How do you manage your glossy alliances? I do a bit with Grazia, so in some editors minds I'm aligned to Grazia. But because it's a role where I don't go into the office, and it's quite a loose relationship, I still have to know as a fashion commentator if marie claire is celebrating 15 years or whether Who is doing their Best Dressed list. Nobody dumps me because I write occasionally for another magazine: I don't think they're that naïve. I actually quite like doing a bit for this one, a bit for that one – I'm liking discovering all these other companies. I did that for so long.
The website is about making it as general and lifestyle and fashion and beauty oriented as possible. Of course a site that is funded by P&G will feature P&G products but I don't think it's too narrow-minded with every story having a mention of a P&G product.
How did you bring it all together? We were basically given the book to fill. We could use some of the stories that were published in the American magazine but we wanted to generate local content and make it more us, and Australian, by bringing in local talent... Cheryl Collins, the art director, and I didn't want to be too bombarded by other magazines; we did look at the other Rouge magazines, but I didn't look to the local magazines to emulate. We wanted to make it as informative and clean and readable as possible. Because it's a small mag, we couldn't throw too many words on a page.

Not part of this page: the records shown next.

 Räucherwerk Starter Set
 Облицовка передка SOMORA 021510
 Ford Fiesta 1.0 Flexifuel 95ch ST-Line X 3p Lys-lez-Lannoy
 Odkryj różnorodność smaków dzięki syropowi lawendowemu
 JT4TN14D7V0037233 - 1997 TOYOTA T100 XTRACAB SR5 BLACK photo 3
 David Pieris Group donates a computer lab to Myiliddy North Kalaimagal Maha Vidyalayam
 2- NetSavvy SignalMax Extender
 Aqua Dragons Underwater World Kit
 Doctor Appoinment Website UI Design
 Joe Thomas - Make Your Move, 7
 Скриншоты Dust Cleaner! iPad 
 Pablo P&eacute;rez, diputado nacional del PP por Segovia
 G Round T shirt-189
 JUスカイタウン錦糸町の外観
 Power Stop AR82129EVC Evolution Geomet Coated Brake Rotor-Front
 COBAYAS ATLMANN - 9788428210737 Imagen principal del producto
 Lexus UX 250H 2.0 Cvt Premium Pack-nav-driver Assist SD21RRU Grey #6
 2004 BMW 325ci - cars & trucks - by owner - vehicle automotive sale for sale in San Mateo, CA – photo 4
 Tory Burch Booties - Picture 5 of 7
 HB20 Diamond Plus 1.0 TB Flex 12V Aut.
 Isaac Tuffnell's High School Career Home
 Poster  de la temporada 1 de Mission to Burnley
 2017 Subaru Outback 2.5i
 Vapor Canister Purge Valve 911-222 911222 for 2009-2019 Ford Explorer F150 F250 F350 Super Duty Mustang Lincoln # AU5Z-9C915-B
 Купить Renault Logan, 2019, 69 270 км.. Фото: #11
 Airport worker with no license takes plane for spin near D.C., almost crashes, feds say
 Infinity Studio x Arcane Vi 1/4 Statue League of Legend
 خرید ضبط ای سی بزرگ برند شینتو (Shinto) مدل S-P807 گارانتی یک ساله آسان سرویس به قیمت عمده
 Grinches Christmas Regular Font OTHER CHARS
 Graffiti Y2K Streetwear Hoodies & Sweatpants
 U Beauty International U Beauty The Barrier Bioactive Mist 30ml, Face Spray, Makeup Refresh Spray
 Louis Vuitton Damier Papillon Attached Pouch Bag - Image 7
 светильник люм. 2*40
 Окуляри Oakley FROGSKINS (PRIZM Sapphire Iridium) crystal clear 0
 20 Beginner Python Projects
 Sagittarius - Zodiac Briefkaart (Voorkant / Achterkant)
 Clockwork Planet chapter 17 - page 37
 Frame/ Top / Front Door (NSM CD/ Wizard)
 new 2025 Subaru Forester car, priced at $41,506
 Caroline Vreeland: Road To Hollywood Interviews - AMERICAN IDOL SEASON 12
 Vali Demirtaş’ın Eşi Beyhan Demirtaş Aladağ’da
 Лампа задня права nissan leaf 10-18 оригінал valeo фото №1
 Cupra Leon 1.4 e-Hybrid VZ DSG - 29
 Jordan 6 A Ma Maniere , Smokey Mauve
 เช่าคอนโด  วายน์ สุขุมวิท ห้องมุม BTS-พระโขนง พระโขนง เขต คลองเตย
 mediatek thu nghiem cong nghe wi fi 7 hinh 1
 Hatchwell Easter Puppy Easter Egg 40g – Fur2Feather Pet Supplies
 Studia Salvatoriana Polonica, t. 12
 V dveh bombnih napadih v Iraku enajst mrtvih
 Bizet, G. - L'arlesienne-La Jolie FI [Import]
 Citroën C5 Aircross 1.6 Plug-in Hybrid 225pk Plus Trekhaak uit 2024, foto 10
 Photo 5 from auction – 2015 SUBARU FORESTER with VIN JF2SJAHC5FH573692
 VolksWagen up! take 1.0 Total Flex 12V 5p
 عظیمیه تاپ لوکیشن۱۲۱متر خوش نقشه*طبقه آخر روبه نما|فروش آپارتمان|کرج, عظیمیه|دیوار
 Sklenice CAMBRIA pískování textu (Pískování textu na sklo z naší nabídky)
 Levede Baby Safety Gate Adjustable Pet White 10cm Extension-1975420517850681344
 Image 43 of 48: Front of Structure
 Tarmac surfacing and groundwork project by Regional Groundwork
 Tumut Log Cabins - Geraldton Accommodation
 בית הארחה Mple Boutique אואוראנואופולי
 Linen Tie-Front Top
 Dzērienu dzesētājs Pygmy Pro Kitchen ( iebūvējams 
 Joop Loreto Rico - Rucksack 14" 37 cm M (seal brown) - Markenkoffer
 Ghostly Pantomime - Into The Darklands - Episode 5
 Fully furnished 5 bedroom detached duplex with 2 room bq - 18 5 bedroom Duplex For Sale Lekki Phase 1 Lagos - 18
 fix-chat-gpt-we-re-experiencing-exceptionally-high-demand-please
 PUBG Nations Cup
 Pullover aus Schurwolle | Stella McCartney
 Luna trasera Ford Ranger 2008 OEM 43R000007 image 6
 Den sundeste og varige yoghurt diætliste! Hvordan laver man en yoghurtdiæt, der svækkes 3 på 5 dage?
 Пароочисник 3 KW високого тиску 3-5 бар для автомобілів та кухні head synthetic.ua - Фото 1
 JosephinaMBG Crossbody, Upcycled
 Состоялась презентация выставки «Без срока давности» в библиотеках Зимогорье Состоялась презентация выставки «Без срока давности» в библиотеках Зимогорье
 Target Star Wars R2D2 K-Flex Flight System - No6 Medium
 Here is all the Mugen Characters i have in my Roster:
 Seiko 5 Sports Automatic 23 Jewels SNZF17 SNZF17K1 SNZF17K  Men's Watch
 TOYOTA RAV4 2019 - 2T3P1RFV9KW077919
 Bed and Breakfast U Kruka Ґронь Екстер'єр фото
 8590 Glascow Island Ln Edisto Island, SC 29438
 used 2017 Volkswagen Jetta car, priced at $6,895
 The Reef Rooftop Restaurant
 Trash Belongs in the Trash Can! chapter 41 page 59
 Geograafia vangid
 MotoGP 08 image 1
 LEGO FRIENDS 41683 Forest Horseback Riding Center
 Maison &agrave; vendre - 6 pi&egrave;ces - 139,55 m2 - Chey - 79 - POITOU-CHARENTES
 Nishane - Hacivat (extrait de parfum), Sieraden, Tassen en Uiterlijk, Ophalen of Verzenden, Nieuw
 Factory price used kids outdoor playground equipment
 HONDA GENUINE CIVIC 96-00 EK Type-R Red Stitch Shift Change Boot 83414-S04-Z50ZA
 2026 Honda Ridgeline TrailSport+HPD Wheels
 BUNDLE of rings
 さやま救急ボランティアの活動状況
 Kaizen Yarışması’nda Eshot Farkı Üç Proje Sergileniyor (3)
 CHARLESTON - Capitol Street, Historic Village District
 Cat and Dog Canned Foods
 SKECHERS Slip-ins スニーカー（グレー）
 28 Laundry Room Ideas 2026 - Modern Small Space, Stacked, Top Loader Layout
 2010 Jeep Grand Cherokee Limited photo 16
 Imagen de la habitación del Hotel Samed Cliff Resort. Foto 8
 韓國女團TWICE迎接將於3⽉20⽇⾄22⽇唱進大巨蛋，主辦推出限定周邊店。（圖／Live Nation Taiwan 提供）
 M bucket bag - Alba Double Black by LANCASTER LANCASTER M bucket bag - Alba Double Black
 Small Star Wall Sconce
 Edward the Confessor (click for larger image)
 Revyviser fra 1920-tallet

What's your opinion on cosmetic surgery? When we commissioned the survey – and it was a good, legitimate survey – the statistics were quite scary. One in two people have had or think it's absolutely fine to have something done, no questions...
It's a constant conundrum. I think all the glossy magazine editors must feel it – particularly over the whole airbrushing debate. They want to be seen as supporting real women, but then women out there actually want to see these nearly ethereal, unrealistic images. They have enough of the real world seven days a week.
We want to morally say one thing but then present something that's totally different. It's probably worse editing a high-end glossy. They're damned if they do; damned if they don't. Like with The Weekly with Marcia Hines – great cover but then it had to say, 'This cover has been airbrushed'. I think it's a shame they have to say it.
How do you keep organised? In front of me on my desk I have a monthly planner, so I can look at all of October, and next to me I have my sturdy old Filofax. That's a weekly one where I write down every appointment and it goes in my bag. But the best thing I got when I went freelance was a whiteboard... I write on it everything I'm doing – radio gigs, any ambassadorial gigs, invoices – so I can turn around and see what I've done and what I'm about to do...
I think I like being on one perpetual deadline. You do sometimes think, it might just be my time and in a year's time or two month's time, no one might want you. The media can be a very fickle beast. I may not be needed in certain areas in a year's time, so you do tend to say yes to everything. There are some things I do say no to: you may lose a few bucks by not doing it, but you look at the time and cost ratio. Having a child puts things into perspective. I love what I do but it's a means to an end as well; you have to keep your child fed and clothed. You don't just do it to satisfy yourself and pretend you're a rock star. You do it because it's your work and you have to earn some money.